Forbidden No More

Lebanon was most likely a marginal topic on the sideline of nuclear discussions in Vienna, but the nuclear agreement between Iran and the P5+1 group is expected to have direct implications on local Lebanese politics. Since the deadlock in Lebanon is largely a reflection of regional deadlock, it would be reasonable to expect a possible regional appeasement to contribute to unlocking the situation in Lebanon. The immediate post-Iran deal period is expected to be a period of hesitation and testing until the time is ripe for broad arrangements. While the overall regional balance is expected to tip in favor of the Iranians, in Lebanon, arrangements between Iranian-backed factions and Saudi-backed factions are inevitable, both at the political and business levels.
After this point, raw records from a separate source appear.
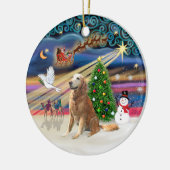 Xmas Magic - Gouden (B-2010) Keramisch Ornament (Links)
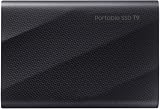 Samsung SSD Externe T9 Portable, 2 To, Vitesses de lecture/écriture jusqu'à 2000 Mo/s¹, USB 3.2 Gen 2x2, Compatible Mac, PC, Android et Appareils photo 12K, Noir, MU-PG2T0B/EU - 2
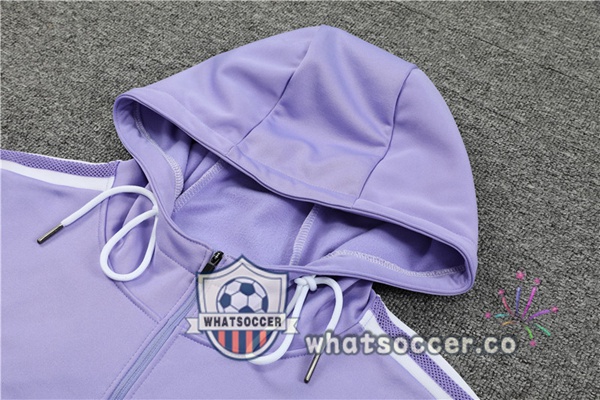 Real Madrid Purple Hooded Jacket 2022-2023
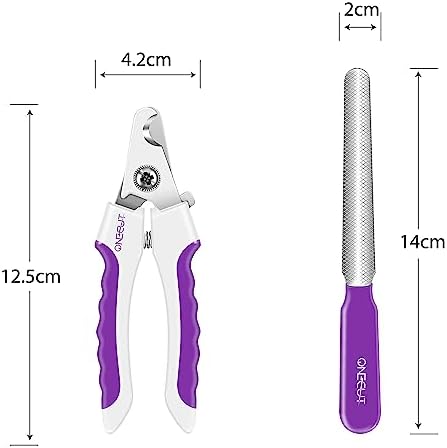 4.7" Small Dog & Cat Nail Clipper Stainless Steel Cat Claw Trimmers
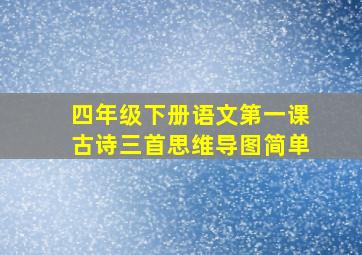 四年级下册语文第一课古诗三首思维导图简单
While the world prepares for investments in Iran, a Lebanese-centered approach considers how the deal could free up Iranian investments in Lebanon, particularly in the energy sector, long limited by sanctions, and a certain reluctance from some Lebanese. In the past, Iran expressed repeated interest in the Lebanese energy sector. Tehran offered to rehabilitate the country’s two refineries (currently inactive and used for storage only), build a power plant under favorable terms, and supply Lebanon with oil and natural gas. These projects faced a number of challenges and their feasibility was not always ensured.